TASK DETAILS: Produce word for word the lines of the data below running from the one that has "Јапонски уметнички wallид" to the one that has "Ricardo Pérez le", inclusive, and no others.

INPUT RECORDS:
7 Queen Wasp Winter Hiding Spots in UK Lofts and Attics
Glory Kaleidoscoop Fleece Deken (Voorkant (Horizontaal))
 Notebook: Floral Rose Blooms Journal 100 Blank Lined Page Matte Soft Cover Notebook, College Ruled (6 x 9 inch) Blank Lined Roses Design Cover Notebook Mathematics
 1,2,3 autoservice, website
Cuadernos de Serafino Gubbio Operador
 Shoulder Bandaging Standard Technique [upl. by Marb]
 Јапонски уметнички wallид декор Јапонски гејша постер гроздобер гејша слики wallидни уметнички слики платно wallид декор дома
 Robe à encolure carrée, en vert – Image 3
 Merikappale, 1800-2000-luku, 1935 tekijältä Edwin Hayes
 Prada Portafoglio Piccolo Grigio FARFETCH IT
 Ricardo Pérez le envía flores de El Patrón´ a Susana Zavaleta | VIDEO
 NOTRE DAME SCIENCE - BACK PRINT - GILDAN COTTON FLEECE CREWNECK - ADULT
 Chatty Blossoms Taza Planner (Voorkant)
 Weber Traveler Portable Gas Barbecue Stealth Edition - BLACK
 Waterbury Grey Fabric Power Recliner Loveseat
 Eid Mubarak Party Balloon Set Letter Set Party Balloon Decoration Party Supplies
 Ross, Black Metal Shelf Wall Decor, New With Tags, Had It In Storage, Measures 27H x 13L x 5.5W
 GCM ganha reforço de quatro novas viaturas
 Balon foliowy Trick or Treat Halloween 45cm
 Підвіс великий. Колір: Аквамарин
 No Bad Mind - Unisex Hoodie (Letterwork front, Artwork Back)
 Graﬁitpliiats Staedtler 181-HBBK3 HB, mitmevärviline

COMPLETED TASK:
 Јапонски уметнички wallид декор Јапонски гејша постер гроздобер гејша слики wallидни уметнички слики платно wallид декор дома
 Robe à encolure carrée, en vert – Image 3
 Merikappale, 1800-2000-luku, 1935 tekijältä Edwin Hayes
 Prada Portafoglio Piccolo Grigio FARFETCH IT
 Ricardo Pérez le envía flores de El Patrón´ a Susana Zavaleta | VIDEO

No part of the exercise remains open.